*** STUDY MATERIAL
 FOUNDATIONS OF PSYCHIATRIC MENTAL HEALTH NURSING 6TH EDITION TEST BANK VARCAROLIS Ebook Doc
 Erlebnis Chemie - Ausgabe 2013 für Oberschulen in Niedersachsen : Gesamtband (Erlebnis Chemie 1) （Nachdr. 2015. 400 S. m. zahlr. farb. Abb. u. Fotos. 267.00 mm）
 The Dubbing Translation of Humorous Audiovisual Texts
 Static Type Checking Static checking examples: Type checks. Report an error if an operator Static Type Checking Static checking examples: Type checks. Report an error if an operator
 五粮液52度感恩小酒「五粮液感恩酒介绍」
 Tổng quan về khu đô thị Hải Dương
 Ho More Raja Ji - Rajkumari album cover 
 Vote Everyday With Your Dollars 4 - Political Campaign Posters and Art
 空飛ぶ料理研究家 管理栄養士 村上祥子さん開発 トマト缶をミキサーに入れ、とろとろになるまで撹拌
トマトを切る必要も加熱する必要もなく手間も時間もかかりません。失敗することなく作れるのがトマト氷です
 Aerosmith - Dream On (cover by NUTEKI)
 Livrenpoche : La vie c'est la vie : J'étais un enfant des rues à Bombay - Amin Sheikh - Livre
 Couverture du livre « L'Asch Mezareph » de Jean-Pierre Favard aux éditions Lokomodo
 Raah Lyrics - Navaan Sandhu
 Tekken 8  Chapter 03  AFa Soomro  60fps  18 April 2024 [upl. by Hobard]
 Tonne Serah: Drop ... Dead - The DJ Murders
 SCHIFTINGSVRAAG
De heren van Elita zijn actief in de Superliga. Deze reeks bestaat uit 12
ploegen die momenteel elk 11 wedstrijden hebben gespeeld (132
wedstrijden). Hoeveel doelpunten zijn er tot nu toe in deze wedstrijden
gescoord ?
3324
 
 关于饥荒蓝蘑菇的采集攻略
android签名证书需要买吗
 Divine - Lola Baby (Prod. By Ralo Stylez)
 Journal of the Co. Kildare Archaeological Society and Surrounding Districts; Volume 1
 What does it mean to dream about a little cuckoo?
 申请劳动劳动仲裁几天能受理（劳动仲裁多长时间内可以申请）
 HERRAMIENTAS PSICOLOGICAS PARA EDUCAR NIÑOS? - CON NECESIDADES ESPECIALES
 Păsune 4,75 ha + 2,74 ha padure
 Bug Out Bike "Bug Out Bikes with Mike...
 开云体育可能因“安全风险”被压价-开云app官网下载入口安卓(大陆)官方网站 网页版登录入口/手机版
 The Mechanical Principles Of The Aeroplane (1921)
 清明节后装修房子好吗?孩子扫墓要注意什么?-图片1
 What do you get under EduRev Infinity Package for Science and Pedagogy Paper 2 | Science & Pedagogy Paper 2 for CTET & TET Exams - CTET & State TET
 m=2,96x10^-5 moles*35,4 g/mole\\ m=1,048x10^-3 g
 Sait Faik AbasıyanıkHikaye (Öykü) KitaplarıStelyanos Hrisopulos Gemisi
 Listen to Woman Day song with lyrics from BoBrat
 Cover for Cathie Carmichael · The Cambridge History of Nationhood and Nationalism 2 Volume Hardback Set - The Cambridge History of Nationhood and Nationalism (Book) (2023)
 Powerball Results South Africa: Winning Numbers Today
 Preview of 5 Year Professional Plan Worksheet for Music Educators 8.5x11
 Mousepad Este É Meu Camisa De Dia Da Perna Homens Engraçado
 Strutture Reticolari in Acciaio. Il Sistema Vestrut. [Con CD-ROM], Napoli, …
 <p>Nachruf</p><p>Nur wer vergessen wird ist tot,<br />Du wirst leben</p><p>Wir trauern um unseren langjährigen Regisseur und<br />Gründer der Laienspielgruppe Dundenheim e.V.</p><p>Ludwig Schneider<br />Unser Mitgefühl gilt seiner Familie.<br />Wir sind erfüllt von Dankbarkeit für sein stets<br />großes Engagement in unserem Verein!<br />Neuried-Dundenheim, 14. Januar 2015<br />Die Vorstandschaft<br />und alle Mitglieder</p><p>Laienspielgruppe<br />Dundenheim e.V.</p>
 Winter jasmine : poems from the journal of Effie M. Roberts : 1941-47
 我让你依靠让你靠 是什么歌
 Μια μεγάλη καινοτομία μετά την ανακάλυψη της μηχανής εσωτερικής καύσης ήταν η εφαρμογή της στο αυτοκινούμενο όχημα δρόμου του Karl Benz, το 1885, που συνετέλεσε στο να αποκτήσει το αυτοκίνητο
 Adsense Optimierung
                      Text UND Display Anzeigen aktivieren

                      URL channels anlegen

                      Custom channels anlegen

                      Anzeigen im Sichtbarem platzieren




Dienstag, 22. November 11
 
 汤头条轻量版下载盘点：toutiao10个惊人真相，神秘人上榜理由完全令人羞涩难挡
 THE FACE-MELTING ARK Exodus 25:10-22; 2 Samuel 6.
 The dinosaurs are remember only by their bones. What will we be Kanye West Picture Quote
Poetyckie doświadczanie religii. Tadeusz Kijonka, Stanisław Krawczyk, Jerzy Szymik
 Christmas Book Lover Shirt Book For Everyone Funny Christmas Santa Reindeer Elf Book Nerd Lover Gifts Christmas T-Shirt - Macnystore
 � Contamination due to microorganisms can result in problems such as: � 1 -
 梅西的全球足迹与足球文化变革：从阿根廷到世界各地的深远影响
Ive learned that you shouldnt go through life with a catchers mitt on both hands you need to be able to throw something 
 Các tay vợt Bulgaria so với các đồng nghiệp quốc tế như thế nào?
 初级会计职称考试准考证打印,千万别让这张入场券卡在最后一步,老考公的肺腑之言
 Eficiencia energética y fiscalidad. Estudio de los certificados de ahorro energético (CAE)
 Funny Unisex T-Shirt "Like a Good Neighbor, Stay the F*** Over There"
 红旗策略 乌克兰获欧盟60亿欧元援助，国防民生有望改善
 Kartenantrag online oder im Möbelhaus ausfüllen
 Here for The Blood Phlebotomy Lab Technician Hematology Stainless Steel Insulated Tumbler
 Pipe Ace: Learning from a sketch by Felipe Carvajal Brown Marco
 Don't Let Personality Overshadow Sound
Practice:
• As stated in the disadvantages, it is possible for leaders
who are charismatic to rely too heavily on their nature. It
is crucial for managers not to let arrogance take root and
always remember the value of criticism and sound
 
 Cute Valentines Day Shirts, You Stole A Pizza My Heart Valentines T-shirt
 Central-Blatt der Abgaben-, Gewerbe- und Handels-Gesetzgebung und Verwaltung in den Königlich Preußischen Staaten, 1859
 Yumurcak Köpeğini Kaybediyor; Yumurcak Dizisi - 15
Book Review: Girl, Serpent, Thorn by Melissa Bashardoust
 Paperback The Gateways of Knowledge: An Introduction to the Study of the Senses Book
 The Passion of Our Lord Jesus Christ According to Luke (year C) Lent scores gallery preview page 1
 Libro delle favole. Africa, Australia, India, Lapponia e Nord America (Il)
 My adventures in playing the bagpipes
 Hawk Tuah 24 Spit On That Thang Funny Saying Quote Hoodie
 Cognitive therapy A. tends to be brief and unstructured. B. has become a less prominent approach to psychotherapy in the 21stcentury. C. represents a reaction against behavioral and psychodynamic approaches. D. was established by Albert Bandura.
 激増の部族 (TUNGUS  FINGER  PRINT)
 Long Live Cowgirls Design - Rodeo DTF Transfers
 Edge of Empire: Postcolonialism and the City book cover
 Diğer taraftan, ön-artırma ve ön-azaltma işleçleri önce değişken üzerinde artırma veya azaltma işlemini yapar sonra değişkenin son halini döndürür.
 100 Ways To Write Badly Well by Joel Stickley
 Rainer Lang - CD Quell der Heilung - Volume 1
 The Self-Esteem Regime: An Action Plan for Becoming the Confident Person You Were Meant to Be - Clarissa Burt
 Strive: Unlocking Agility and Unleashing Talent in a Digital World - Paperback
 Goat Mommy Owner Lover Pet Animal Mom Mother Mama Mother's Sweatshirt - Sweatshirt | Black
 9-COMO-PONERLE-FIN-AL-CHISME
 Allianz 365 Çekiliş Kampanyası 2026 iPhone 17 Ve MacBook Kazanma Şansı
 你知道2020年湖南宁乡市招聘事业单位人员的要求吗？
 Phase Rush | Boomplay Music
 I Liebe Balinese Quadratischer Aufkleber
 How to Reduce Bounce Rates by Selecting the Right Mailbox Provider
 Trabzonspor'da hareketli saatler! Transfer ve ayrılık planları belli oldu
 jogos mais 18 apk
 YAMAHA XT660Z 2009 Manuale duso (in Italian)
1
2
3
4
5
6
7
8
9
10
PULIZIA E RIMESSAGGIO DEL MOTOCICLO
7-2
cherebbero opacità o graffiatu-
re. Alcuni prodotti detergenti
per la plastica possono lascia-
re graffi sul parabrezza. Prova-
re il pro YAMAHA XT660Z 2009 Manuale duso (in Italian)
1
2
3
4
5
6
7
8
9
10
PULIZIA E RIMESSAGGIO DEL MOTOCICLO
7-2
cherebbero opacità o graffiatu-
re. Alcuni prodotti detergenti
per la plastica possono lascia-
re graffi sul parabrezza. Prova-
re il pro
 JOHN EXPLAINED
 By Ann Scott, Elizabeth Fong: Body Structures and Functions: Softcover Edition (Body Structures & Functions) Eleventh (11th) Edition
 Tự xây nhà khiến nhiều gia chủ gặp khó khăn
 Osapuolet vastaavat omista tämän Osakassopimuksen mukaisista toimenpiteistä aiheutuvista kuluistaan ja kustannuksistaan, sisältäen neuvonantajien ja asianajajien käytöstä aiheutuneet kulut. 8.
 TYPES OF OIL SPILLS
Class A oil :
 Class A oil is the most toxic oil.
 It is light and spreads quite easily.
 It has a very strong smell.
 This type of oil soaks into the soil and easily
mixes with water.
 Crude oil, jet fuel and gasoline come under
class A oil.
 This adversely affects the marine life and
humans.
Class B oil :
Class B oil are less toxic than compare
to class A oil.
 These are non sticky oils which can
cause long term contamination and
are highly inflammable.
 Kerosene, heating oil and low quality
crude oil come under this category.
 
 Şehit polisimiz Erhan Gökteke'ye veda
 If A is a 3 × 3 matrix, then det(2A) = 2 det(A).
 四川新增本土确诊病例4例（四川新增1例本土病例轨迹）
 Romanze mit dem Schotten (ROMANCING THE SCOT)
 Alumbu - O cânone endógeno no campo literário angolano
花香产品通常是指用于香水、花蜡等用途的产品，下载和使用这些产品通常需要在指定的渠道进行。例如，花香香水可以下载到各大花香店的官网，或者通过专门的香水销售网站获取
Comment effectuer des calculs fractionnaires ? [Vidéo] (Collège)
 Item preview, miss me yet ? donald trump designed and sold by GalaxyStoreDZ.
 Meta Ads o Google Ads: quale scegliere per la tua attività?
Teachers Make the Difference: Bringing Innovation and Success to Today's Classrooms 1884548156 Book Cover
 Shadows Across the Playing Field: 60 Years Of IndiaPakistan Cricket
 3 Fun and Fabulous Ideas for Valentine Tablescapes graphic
******
_TASK REQUIREMENTS_. Repeat the entries above verbatim, but only from the line that has "Dienstag, 22. November 11" down to the line that has "Poetyckie doświadczanie religii.", inclusive.

_EXERCISE RESPONSE_.
Dienstag, 22. November 11
 
 汤头条轻量版下载盘点：toutiao10个惊人真相，神秘人上榜理由完全令人羞涩难挡
 THE FACE-MELTING ARK Exodus 25:10-22; 2 Samuel 6.
 The dinosaurs are remember only by their bones. What will we be Kanye West Picture Quote
Poetyckie doświadczanie religii. Tadeusz Kijonka, Stanisław Krawczyk, Jerzy Szymik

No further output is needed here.